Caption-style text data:
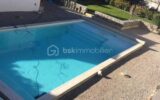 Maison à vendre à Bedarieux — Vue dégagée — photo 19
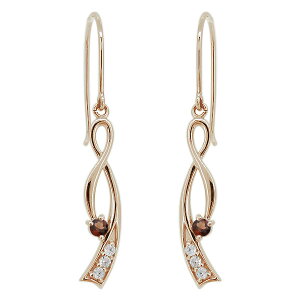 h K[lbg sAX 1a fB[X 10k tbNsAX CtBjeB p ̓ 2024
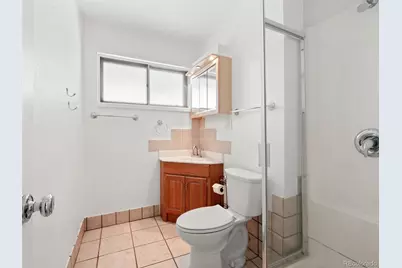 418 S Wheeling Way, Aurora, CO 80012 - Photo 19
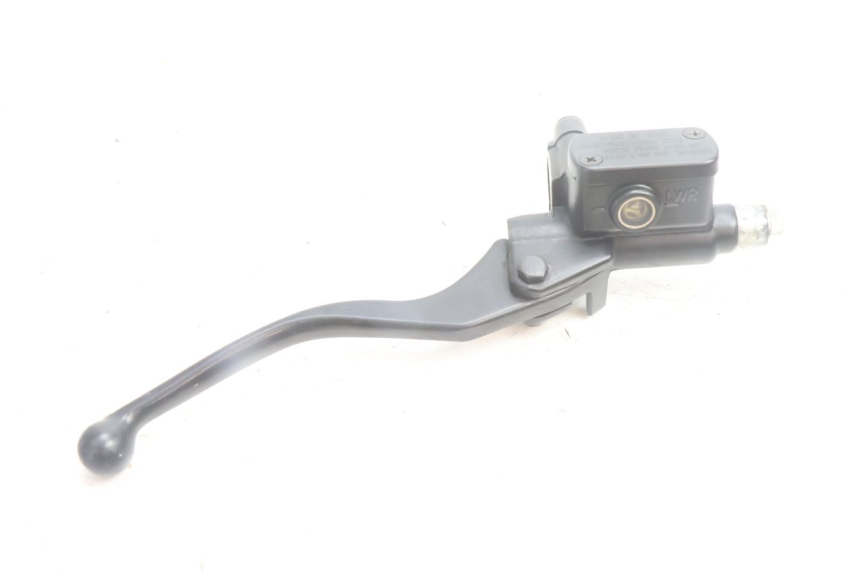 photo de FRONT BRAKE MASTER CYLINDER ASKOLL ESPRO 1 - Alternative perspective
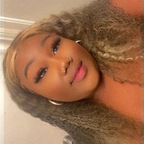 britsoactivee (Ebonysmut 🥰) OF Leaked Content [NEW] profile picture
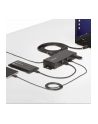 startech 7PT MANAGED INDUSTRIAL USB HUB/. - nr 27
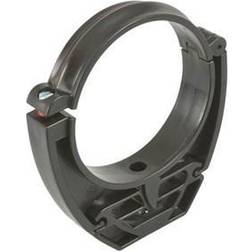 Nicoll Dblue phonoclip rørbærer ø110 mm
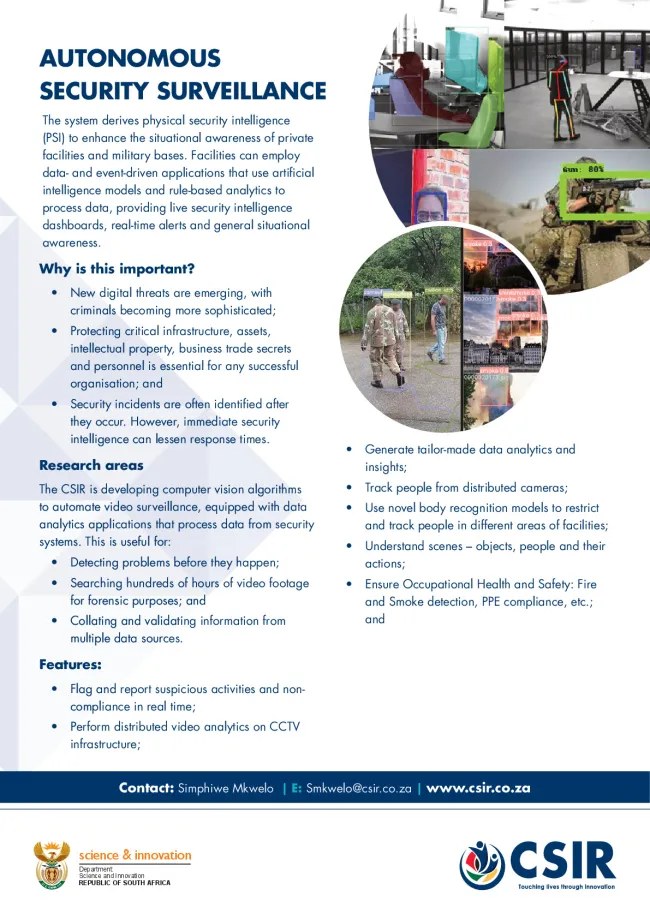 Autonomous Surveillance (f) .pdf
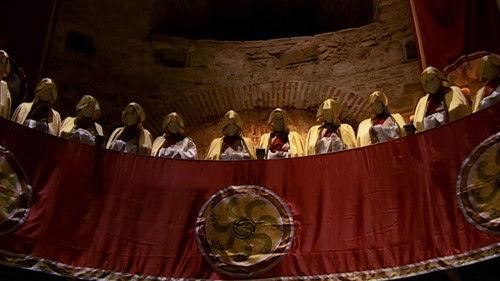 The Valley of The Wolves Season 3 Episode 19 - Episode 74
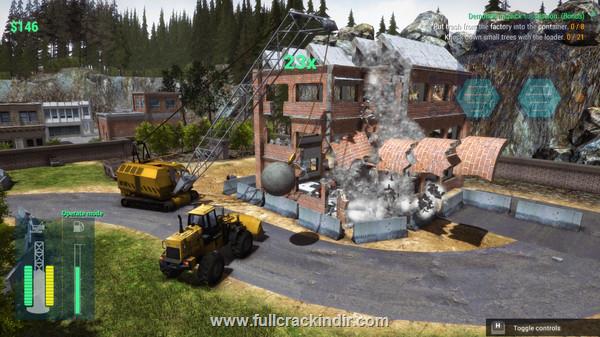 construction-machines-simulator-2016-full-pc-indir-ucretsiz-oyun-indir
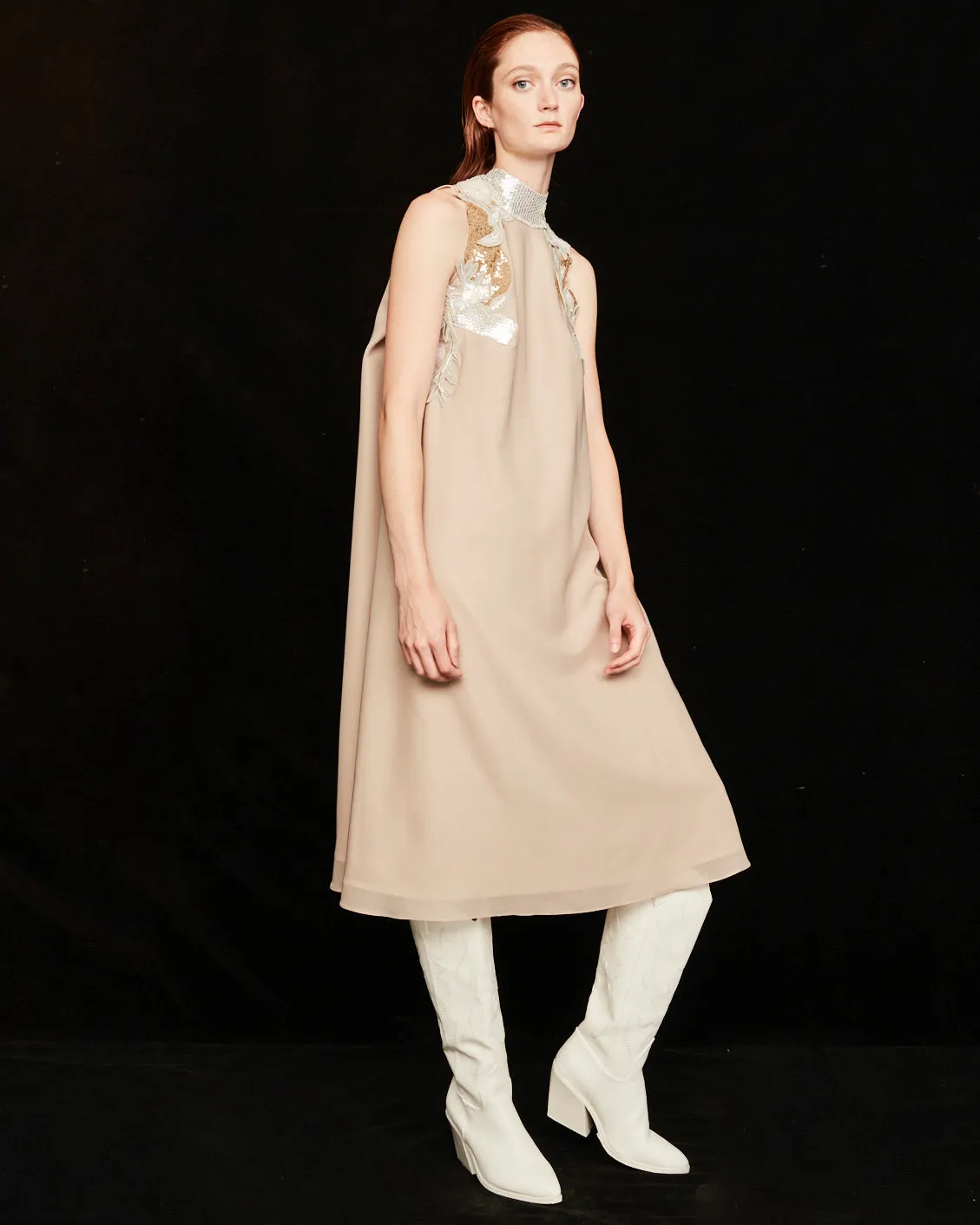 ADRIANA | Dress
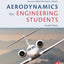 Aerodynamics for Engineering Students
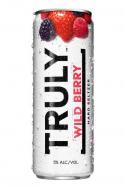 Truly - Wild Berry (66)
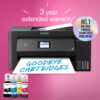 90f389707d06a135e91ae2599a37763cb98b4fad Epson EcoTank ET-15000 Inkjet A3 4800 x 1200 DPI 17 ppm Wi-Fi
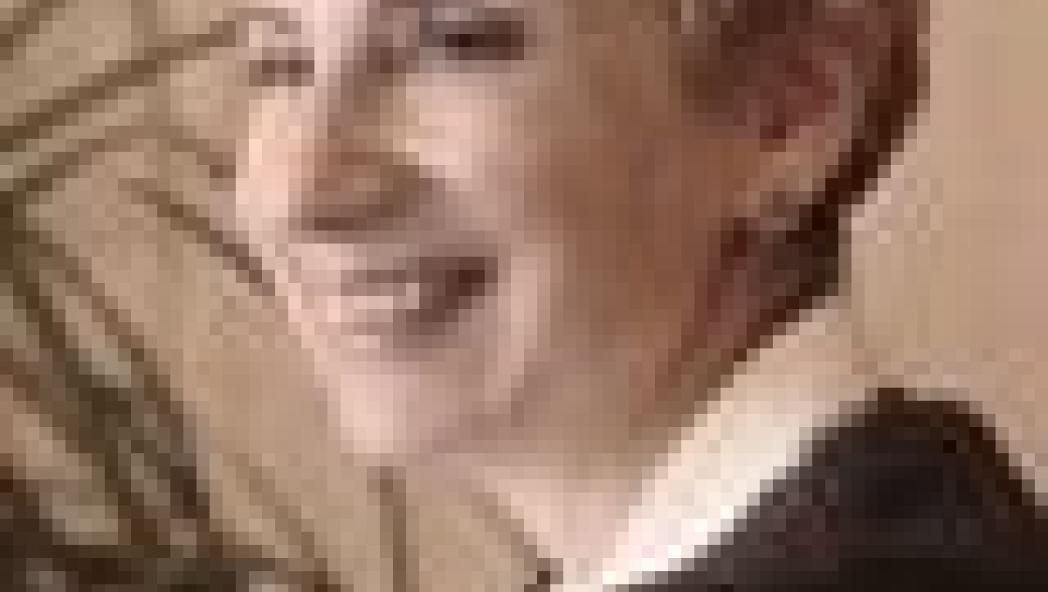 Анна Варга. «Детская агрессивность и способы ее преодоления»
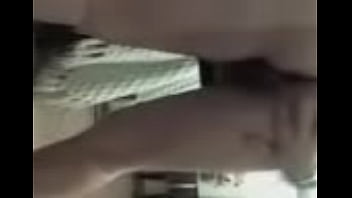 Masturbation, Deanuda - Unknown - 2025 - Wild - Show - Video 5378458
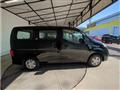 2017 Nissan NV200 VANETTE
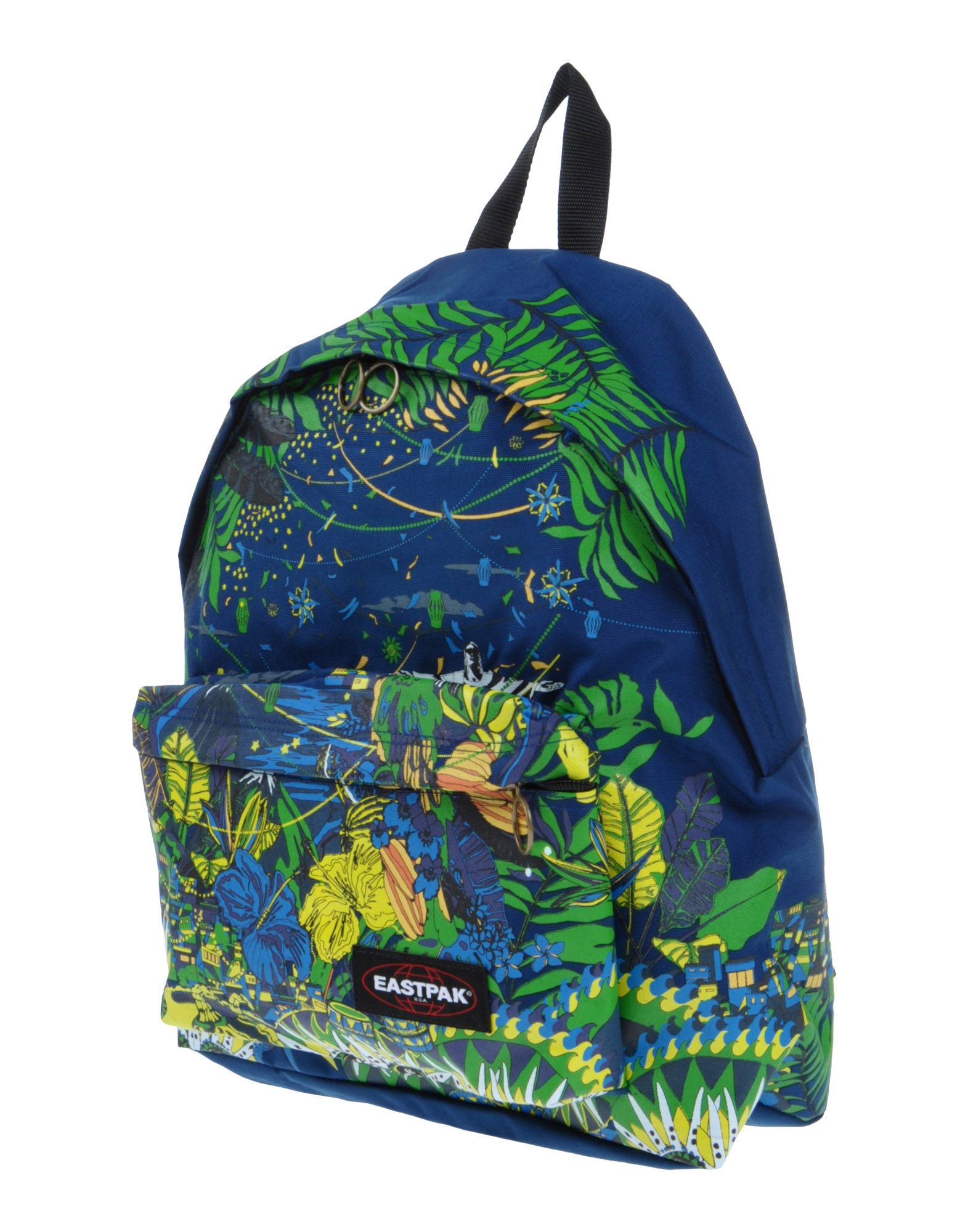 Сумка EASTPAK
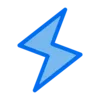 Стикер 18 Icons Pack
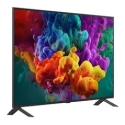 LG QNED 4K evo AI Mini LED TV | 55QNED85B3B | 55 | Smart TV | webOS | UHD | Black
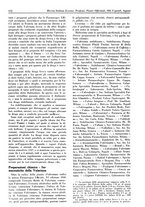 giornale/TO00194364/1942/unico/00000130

TASK DIRECTIONS: Omit the pictures, then copy out all the data exactly as it stands.

RESPONSE AREA:
 Maison à vendre à Bedarieux — Vue dégagée — photo 19
 h K[lbg sAX 1a fB[X 10k tbNsAX CtBjeB p ̓ 2024
 418 S Wheeling Way, Aurora, CO 80012 - Photo 19
 photo de FRONT BRAKE MASTER CYLINDER ASKOLL ESPRO 1 - Alternative perspective
 britsoactivee (Ebonysmut 🥰) OF Leaked Content [NEW] profile picture
 startech 7PT MANAGED INDUSTRIAL USB HUB/. - nr 27
 Nicoll Dblue phonoclip rørbærer ø110 mm
 Autonomous Surveillance (f) .pdf
 The Valley of The Wolves Season 3 Episode 19 - Episode 74
 construction-machines-simulator-2016-full-pc-indir-ucretsiz-oyun-indir
 ADRIANA | Dress
 Aerodynamics for Engineering Students
 Truly - Wild Berry (66)
 90f389707d06a135e91ae2599a37763cb98b4fad Epson EcoTank ET-15000 Inkjet A3 4800 x 1200 DPI 17 ppm Wi-Fi
 Анна Варга. «Детская агрессивность и способы ее преодоления»
 Masturbation, Deanuda - Unknown - 2025 - Wild - Show - Video 5378458
 2017 Nissan NV200 VANETTE
 Сумка EASTPAK
 Стикер 18 Icons Pack
 LG QNED 4K evo AI Mini LED TV | 55QNED85B3B | 55 | Smart TV | webOS | UHD | Black
 giornale/TO00194364/1942/unico/00000130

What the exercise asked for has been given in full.